Outputs a textual directory of the archive z to file sys.stdout.

read
z.read(name)

Returns a string containing the uncompressed bytes of the file named by string name in archive z. z must be opened for 'r' or 'a'. When the archive does not contain a file named name, read raises an exception.

testzip
z.testzip( )

Reads and checks the files in archive z. Returns a string with the name of the first archive member that is damaged, or None if the archive is intact.

write
z.write(filename, arcname=None, compress_type=None)

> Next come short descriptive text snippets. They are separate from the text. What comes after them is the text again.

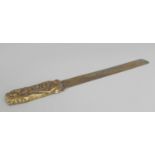 A SIGNED JAPANESE MEIJI PERIOD MIXED METAL PAGE TURNER, the handle decorated in cast and copper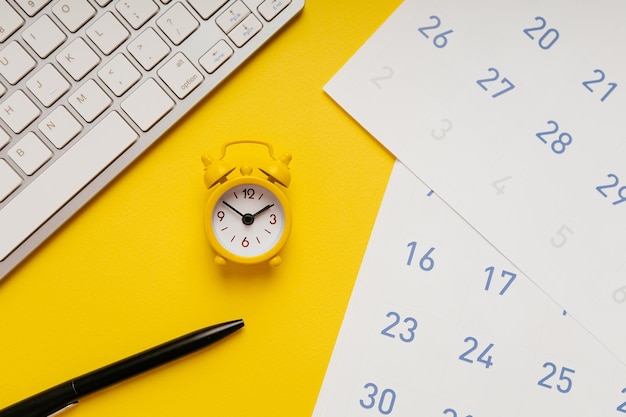 Gelbe Wecker-Tastatur und Kalender auf gelbem Hintergrund Ansicht von oben Deadline-Konzept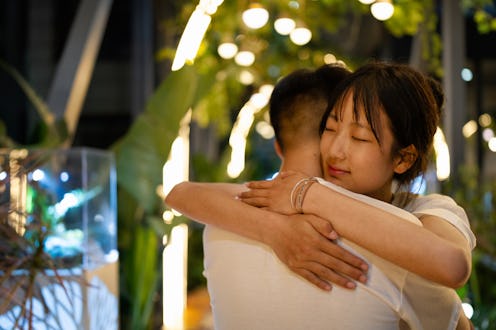 A tender embrace between a man and woman under soft lighting, set against a backdrop of greenery and...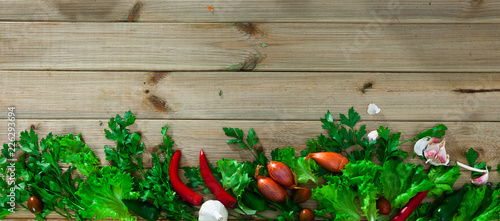 Natural wooden background with fresh vegetables assortment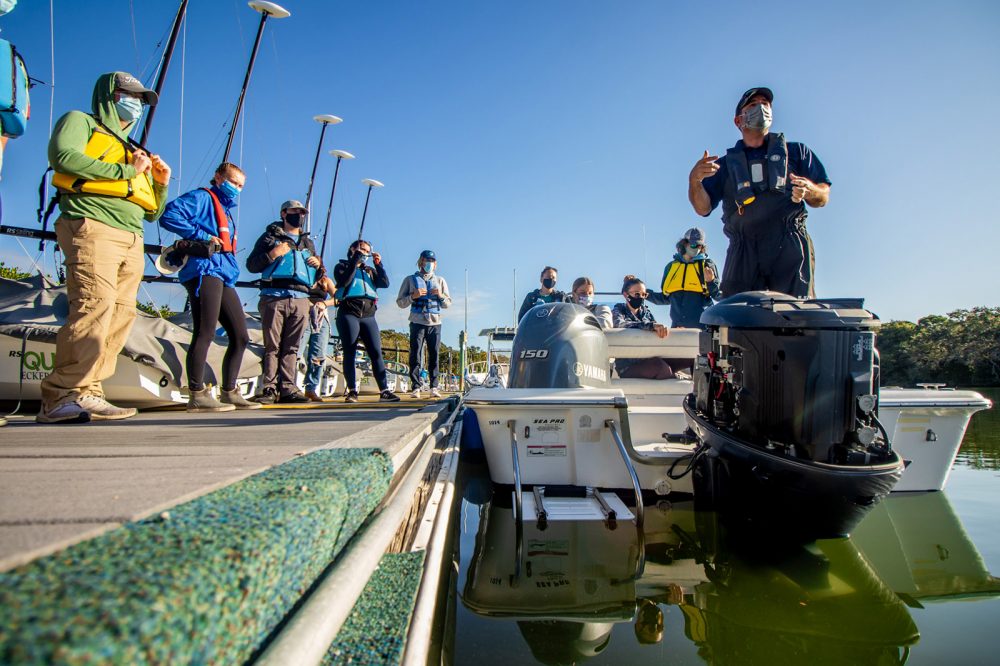 Eckerd students prepare to board a small boat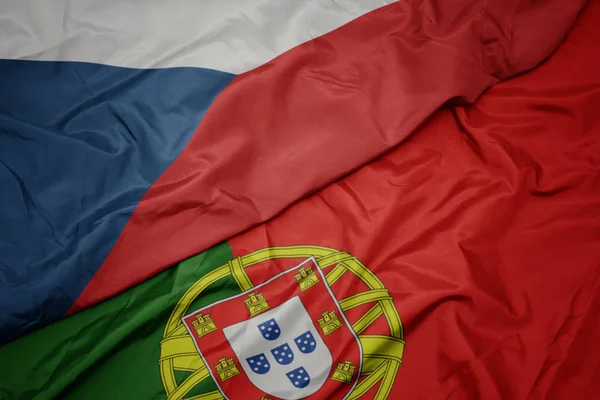 waving colorful flag of portugal and national flag of czech republic.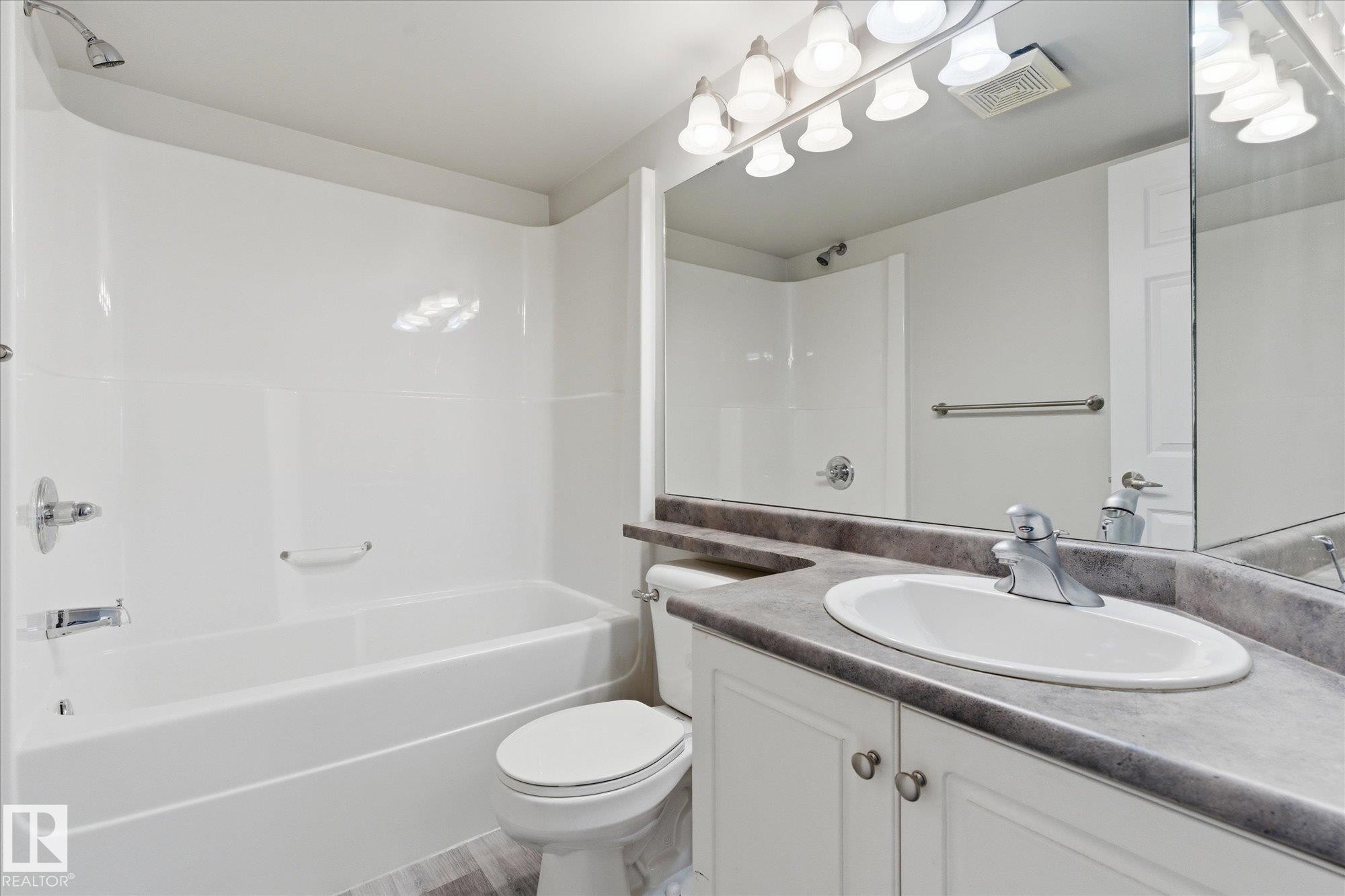 Full bathroom featuring a white tub and shower combination with chrome fixtures, a white toilet, and a vanity with white cabinetry, a gray countertop, and an integrated sink with a chrome faucet - 407 13635 34 Street Nw, Edmonton, AB - Indoor Photo Showing Bathroom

Writes the file named by string filename to archive z, with archive member name arcname. When arcname is None, write uses filename as the archive member name. When compress_type is None, write uses z's compression type; otherwise, compress_type is zipfile.ZIP_STORED or zipfile.ZIP_DEFLATED, and specifies how to compress the file. z must be opened for 'w' or 'a'.

writestr
z.writestr(zinfo, bytes)

zinfo must be a ZipInfo instance specifying at least filename and date_time. bytes is a string of bytes. writestr adds a member to archive z using the metadata specified by zinfo and the data in bytes. z must be opened for 'w' or 'a'. When you have data in memory and need to write the data to the ZIP file archive z, it's simpler and faster to use z.writestr rather than z.write. The latter requires you to write the data to disk first and later remove the useless disk file. The following example shows both approaches, each encapsulated into a function and polymorphic to each other:

import zipfile def data_to_zip_direct(z, data, name): import time zinfo = zipfile.ZipInfo(name, time.localtime( )[:6]) zinfo.compress_type = zipfile.ZIP_DEFLATED z.writestr(zinfo, data) def data_to_zip_indirect(z, data, name): import os flob = open(name, 'wb') flob.write(data) flob.close( ) z.write(name) os.unlink(name) zz = zipfile.ZipFile('z.zip', 'w', zipfile.ZIP_DEFLATED) data = 'four score\nand seven\nyears ago\n' data_to_zip_direct(zz, data, 'direct.txt') data_to_zip_indirect(zz, data, 'indirect.txt') zz.close( )

Besides being faster and more concise, data_to_zip_direct is handier, since it works in memory and doesn't require the current working directory to be writable, as data_to_zip_indirect does. Of course, method write also has its uses when you already have the data in a file on disk and just want to add the file to the archive.

Here's how you can print a list of all files contained in the ZIP file archive created by the previous example, followed by each file's name and contents:

import zipfile zz = zipfile.ZipFile('z.zip') zz.printdir( ) for name in zz.namelist( ): print '%s: %r' % (name, zz.read(name)) zz.close( )

10.6.5. The zlib Module

The zlib module lets Python programs use the free InfoZip zlib compression library (http://www.info-zip.org/pub/infozip/zlib/), version 1.1.3 or later. Module zlib is used by modules gzip and zipfile, but is also available directly for any special compression needs. The most commonly used functions supplied by module zlib are the following:

compress
compress(s, level=6)

Compresses string s and returns the string of compressed data. level is an integer between 1 and 9; 1 requests modest compression but fast operation, and 9 requests compression as good as feasible, requiring more computation.

decompress
decompress(s)

Decompresses the compressed data string s and returns the string of uncompressed data.

Module zlib also supplies functions to compute Cyclic-Redundancy Check (CRC) checksums to detect damage in compressed data. It also provides objects to compress and decompress data incrementally to work with data streams too large to fit in memory at once. For such advanced functionality, consult the Python library's online reference.